* [ASSIGNED TASK]:
When copying the data below, keep only the lines from the one with "The particularity of" through the one with "Thereafter, all is", word for word, and skip the pictures.

* [DATA]:
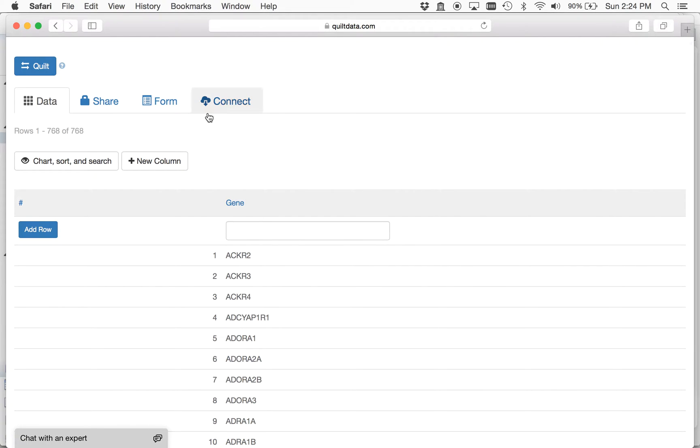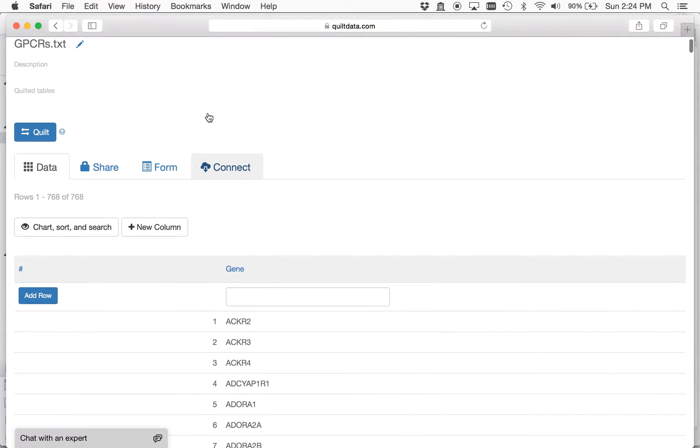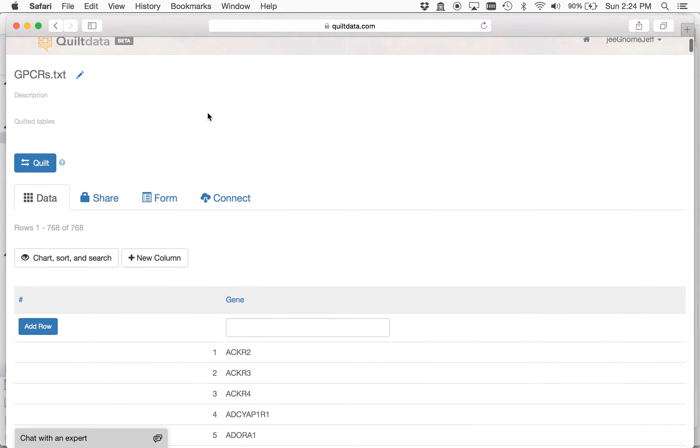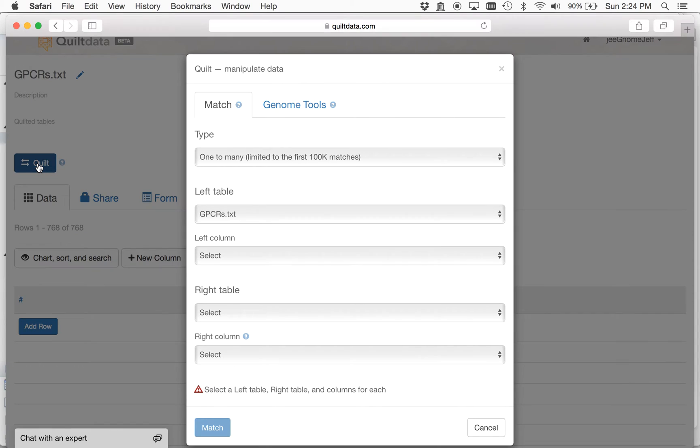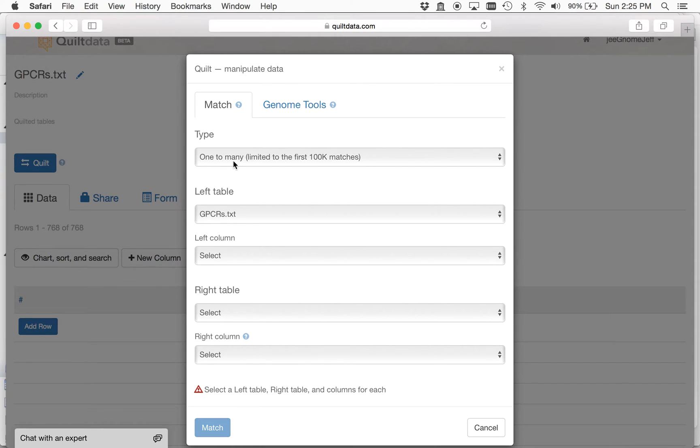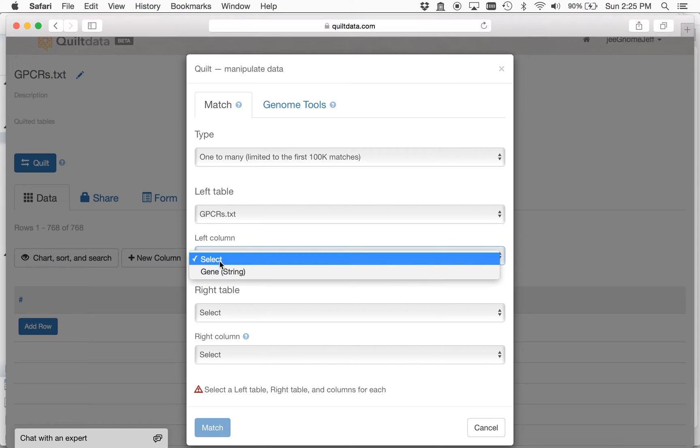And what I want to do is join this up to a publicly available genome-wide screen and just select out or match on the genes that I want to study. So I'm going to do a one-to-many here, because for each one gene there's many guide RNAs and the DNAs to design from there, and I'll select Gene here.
* * *
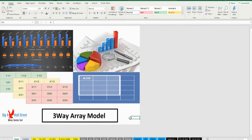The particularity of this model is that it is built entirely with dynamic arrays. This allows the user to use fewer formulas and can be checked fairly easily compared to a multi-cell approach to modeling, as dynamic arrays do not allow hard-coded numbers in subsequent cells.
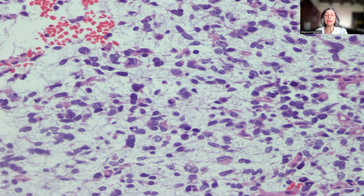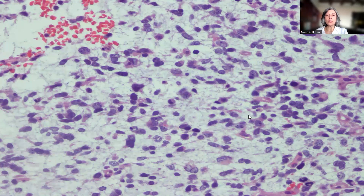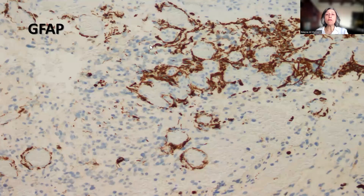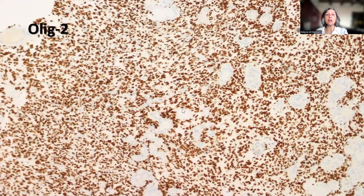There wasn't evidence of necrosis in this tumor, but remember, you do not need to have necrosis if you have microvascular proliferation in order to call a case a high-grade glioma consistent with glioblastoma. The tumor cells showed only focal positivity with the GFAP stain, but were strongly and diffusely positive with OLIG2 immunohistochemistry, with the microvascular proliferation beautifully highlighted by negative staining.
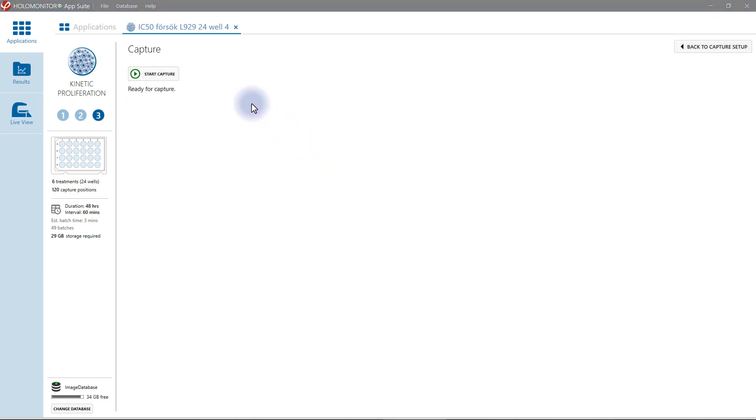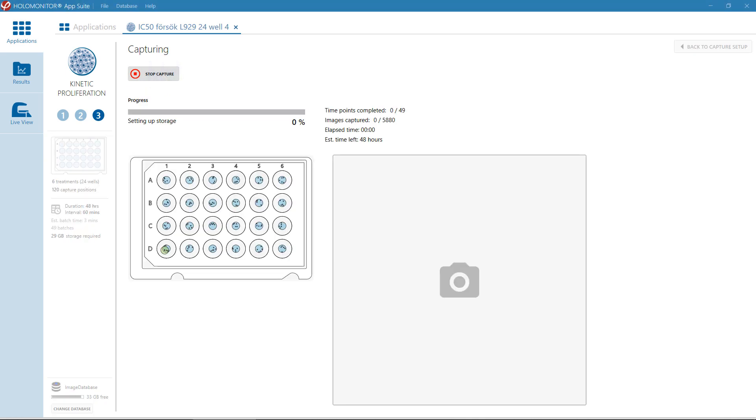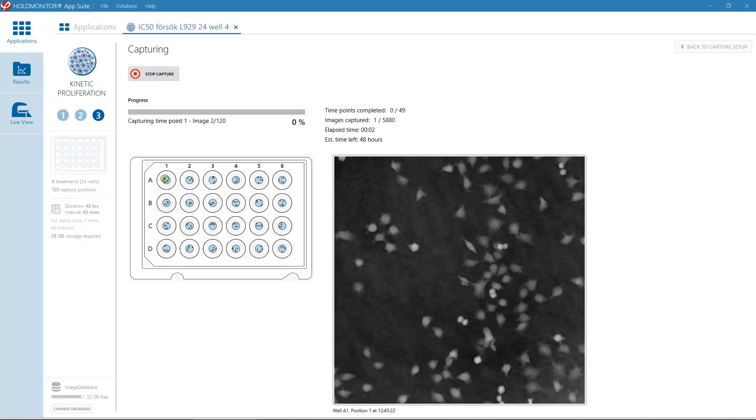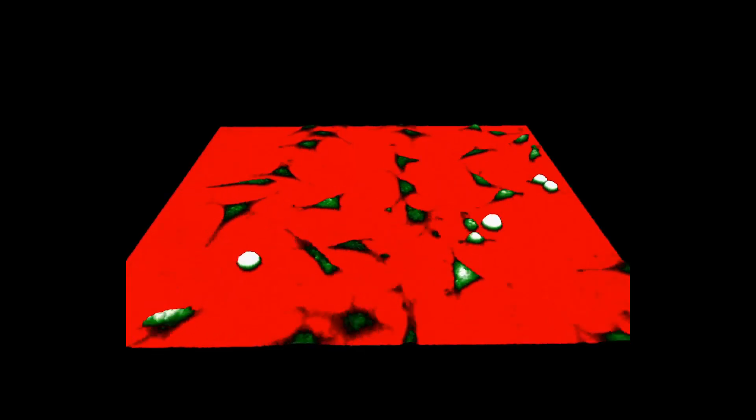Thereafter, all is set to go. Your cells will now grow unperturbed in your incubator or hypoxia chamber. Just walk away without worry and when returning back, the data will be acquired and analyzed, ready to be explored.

* [ANSWER TO THE PROBLEM]:
The particularity of this model is that it is built entirely with dynamic arrays. This allows the user to use fewer formulas and can be checked fairly easily compared to a multi-cell approach to modeling, as dynamic arrays do not allow hard-coded numbers in subsequent cells.
There wasn't evidence of necrosis in this tumor, but remember, you do not need to have necrosis if you have microvascular proliferation in order to call a case a high-grade glioma consistent with glioblastoma. The tumor cells showed only focal positivity with the GFAP stain, but were strongly and diffusely positive with OLIG2 immunohistochemistry, with the microvascular proliferation beautifully highlighted by negative staining.
Thereafter, all is set to go. Your cells will now grow unperturbed in your incubator or hypoxia chamber. Just walk away without worry and when returning back, the data will be acquired and analyzed, ready to be explored.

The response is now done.